The national angst about him has reflected the heavy dependency on the folk hero these past few weeks. There were fully 20 pictures of Neymar in Wednesday's 12-page sports supplement of the Diario de Sao Paulo newspaper.
He looked more than boy when he arrived alongside Scolari for the first press conference of the tournament. The chemistry was formidable as they joked and joshed their way along, a highlight being the moment Neymar was asked to put a question of his choosing to the manager. "Professor, am I playing tomorrow? I want to go to sleep relaxed," he asked. "I'll think about it," Scolari replied. Neymar laughed when the lack of goals from a Brazil No 10 at a World Cup – the last one was Rivaldo's against England in 2002 – was mentioned. "You have to score a goal tomorrow," Scolari told him. "I hope it will be an easy goal. All you have to do is give it a kick."
Scolari was then asked if he would lose sleep if he was facing Neymar. "I might have thoughts of Neymar in my sleep but I would carry on sleeping," he answered. If last night was any guide, there was huge maturity from a player who said his first World Cup memories date from only 2002. "I don't want to be the best player in the World Cup. I want to win the World Cup," he added. "The time has arrived. The whole world us waiting. I hope we can help fulfil the dream of our nation."
Yet Brazilians also worry about the players they have lost. Though Spain's Diego Costa is the obvious one, no one has forgotten that two Brazilians – Eduardo da Silva and Sammir – are in Niko Kovac's Croatia squad who are the country's first opponents in the stadium here. Eduardo adorned a back page headlined "Fogo Amigo" (Friendly Fire).
That's not the only concern. A lot of talk has surrounded the Japanese referee for the match, Yuichi Nishimura, who also refereed the Brazil-Netherlands game in which Felipe Melo was sent off in the 2010 finals. Nishimura justifiably gave Melo his marching orders for a stamp but suspicion remains. There was definite racist innuendo contained in Diario de Sao Paulo's headline about the Asian: "Open your eyes." This is by no means a politically correct country.
At last, the pre-tournament phoney wars and fears can slip away. The Brazilians ought to be good enough to advance past their first opponents, though their awareness of what lies ahead was revealed by this week's training tactics. Scolari has had them working on small pitches, refining the slick, high-intensity one-twos – tabelas as they are known here – which will be part of the plan seen as a requirement to beat Croatia. The Balkan threat lies in Luka Modric and the team's speed and touch. Locals here have taken to calling them the "Brazilians from Europe" and discussing – perhaps more than necessary – the Efieto Croatia (the Croatia effect).
The fight for hearts and minds will not be an easy one. On your correspondent's one-hour drive out to the Arena da Sao Paulo this afternoon, there were only 12 Brazilian flags in evidence amid the hundreds of skyrise windows and a solitary wing-mirror flag was flying. The English nation is infinitely more excited. But then Brazil is digesting the incredible amounts of money which have been put into this tournament: 25.8bn Brazilian Reia (£6.8bn) – with a full 31 per cent on stadia which in at least three cities are not necessary.
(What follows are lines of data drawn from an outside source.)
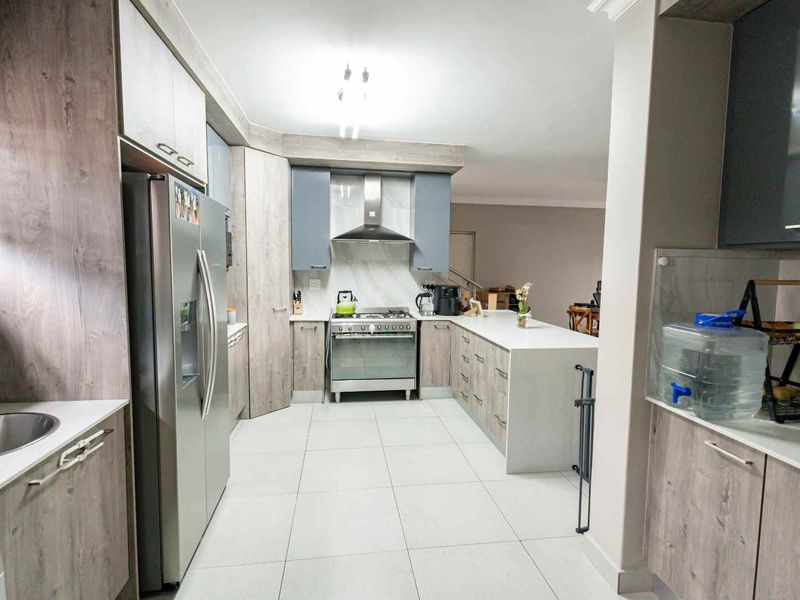 Spacious 4 Bedroom Double Story Home in Montana Village Estate - Photo 9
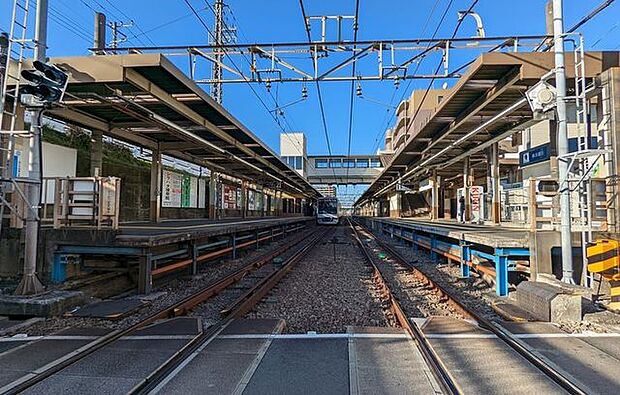 藤沢本町駅(小田急 江ノ島線) 徒歩14分。藤沢本町駅 1040m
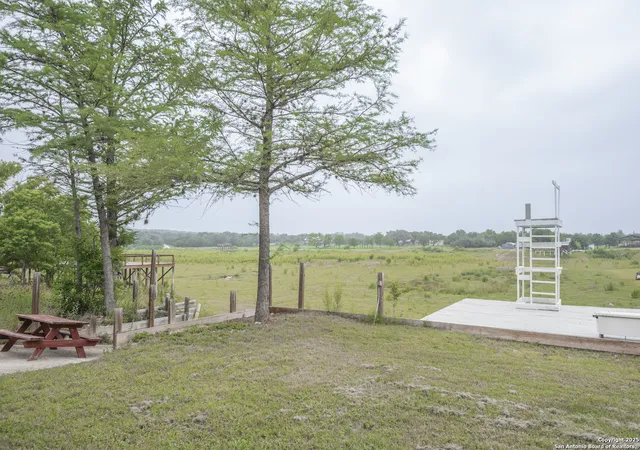 4th image of 352 Longhorn Dr, Bandera, TX 78003 | MLS# 1861822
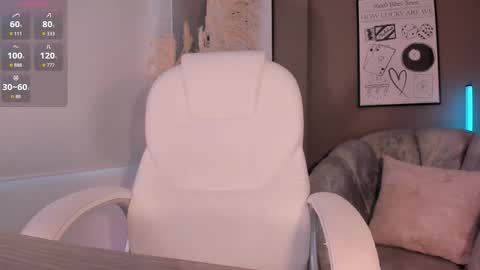 Nia online show from February 3, 1:05 pm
They will tell you here that a sum of money like that would buy a huge facility to supplement Sao Paulo's beleaguered Hospital dos Clinicas, where you wait half an hour if you are an emergency case and eight hours if you are not.
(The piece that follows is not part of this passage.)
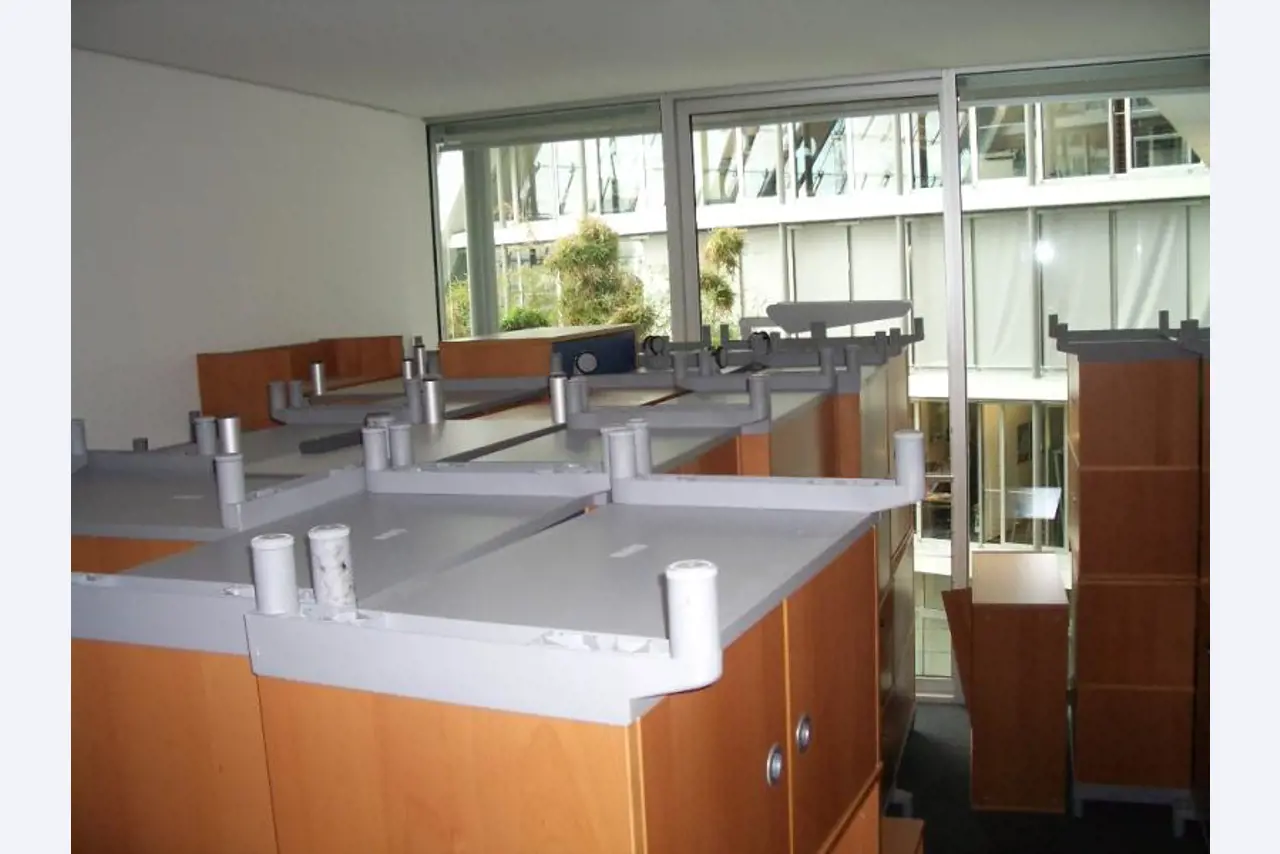 1 lot office furniture-2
Pele has called on the Brazilian nation not to put too much pressure on this team and not to let the protests create a mood of negativity towards the players. "Give them space. Let them play. Corruption and bribes in football has always been known to the Brazilian people. It has nothing to do with the team," said Pele. The nation will take some persuading. It may take a footballing tour de force to win them over.